John Fetterman’s first Senate ad is all about ‘abandoned’ Pa. towns. Sound familiar?
Fetterman, the Democratic front-runner for Senate in Pennsylvania, is trying to tap into a very real sentiment that Donald Trump mined to powerful effect.
A version of this article will appear in the first edition of PA 2022, The Inquirer’s Election Newsletter. Sign up for news, analysis, and everything you need to know about how Pennsylvania’s hugely competitive races for Senate and governor are shaping up, delivered right to your inbox.
There’s something almost Trump-y about John Fetterman’s first TV ad in Pennsylvania’s Democratic Senate race.
Not in the politics, of course, or the tone or even the overall message. But in the nostalgia for places that have been “forgotten.”
“There’s a lot of great towns in Pennsylvania that feel like their community’s best days were a generation ago,” Fetterman says in the spot, which aired on CNN and MSNBC just before the State of the Union on Tuesday night. “Nowhere deserves to be abandoned.”
Fetterman, the lieutenant governor, is trying to tap into a very real sentiment that Trump mined to powerful effect: A sense that in much of the country, people’s potential has been cut short, their communities eroded, hope has washed away. That there’s only opportunity now in certain big cities.
I’ve heard that sentiment from voters across the state: People lamenting that their kids had to leave home to find good careers, and how they’re never coming back, while the communities they love decline.
Trump won in 2016 partly by appealing to these areas. He also laced his pitch to them with grievance and anger, and often with xenophobia and racism.
» READ MORE: The Divided States of Pennsylvania: How one state embodies America's political discord
But for many who live in those places, he also spoke to a deep sense of stagnation. It’s a real problem that different candidates might approach, and try to solve, in a very different ways.
Fetterman’s ad suggests he’s trying to be that candidate.
And that he’s trying to reach some of these callused farming areas or longtime industrial towns with an element of the “tough guy” outsider appeal Trump used to reach voters who felt like white-collar “elites” didn’t care about their needs. “A Democrat with backbone,” the voice over says.
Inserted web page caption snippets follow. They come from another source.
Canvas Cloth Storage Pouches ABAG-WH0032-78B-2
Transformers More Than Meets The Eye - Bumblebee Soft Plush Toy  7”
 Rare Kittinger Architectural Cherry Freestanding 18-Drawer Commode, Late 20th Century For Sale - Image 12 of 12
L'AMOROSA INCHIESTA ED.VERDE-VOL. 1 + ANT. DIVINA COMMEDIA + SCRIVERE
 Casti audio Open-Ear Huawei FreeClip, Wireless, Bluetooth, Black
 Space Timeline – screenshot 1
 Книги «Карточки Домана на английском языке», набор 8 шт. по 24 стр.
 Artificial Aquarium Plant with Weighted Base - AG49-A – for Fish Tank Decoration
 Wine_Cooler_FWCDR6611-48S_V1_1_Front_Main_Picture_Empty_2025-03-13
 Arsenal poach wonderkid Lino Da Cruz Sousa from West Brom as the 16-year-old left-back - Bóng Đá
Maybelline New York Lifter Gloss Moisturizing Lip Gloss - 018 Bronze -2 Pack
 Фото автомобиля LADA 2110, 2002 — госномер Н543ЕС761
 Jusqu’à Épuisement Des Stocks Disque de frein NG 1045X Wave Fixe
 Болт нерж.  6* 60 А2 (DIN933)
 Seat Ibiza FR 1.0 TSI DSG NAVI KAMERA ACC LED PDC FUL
It’s a tough needle to thread. The communities Fetterman is talking to have long slid away from Democrats. Some Democrats argue it’s a lost cause — especially with so many more votes to be won in cities and the suburbs. And Fetterman’s critics question whether he can appeal to the places that now make up the Democratic base.
Fetterman argues that Democrats can’t keep getting destroyed elsewhere. It’s just his first ad, but it shows where he hopes to take his campaign — and how he hopes to win the primary.